*WHAT IS EXPECTED*: Copying rule for the data below: take the line containing "Lifeguard T-shirt mens" and every line after it to the end, exactly, and drop all pictures.

*Caption-style text data*:
===============
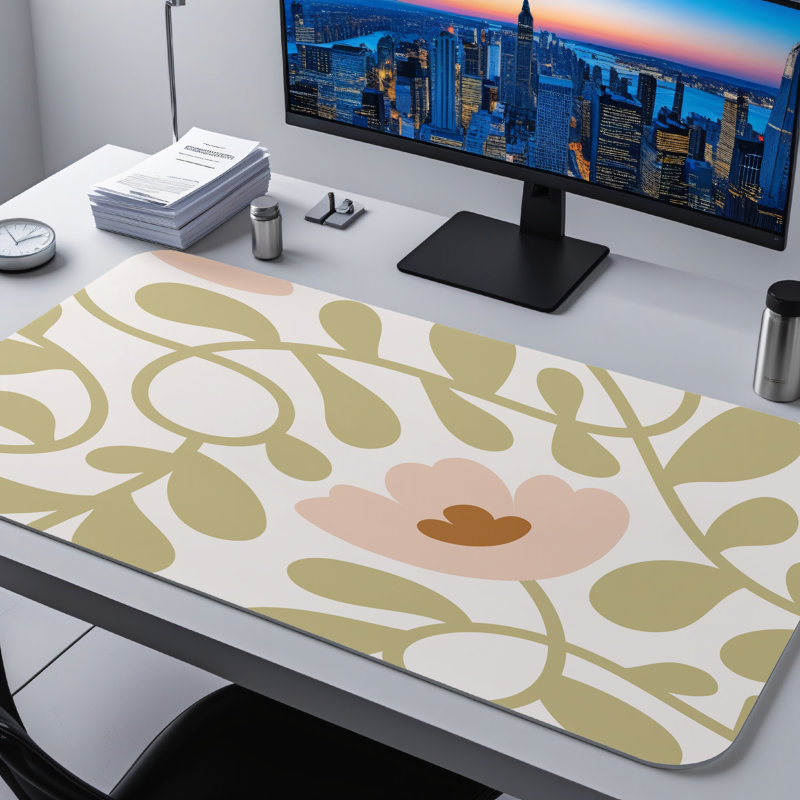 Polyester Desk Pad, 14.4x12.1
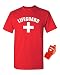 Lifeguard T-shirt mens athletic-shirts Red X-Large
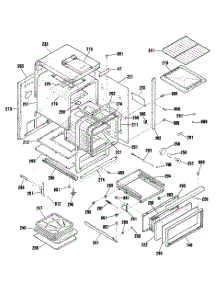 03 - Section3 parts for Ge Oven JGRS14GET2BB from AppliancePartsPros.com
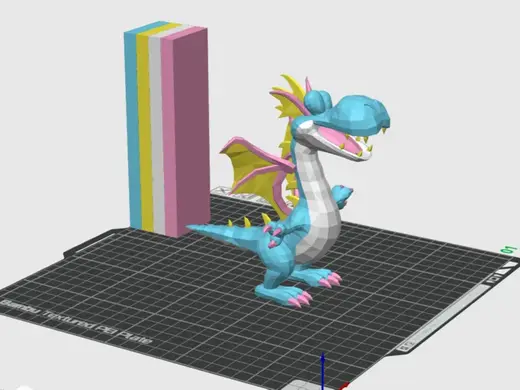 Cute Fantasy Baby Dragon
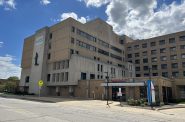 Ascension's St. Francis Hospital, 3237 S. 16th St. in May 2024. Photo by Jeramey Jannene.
===============
*OUTPUT FOR THIS TASK*:
 Lifeguard T-shirt mens athletic-shirts Red X-Large
 03 - Section3 parts for Ge Oven JGRS14GET2BB from AppliancePartsPros.com
 Cute Fantasy Baby Dragon
 Ascension's St. Francis Hospital, 3237 S. 16th St. in May 2024. Photo by Jeramey Jannene.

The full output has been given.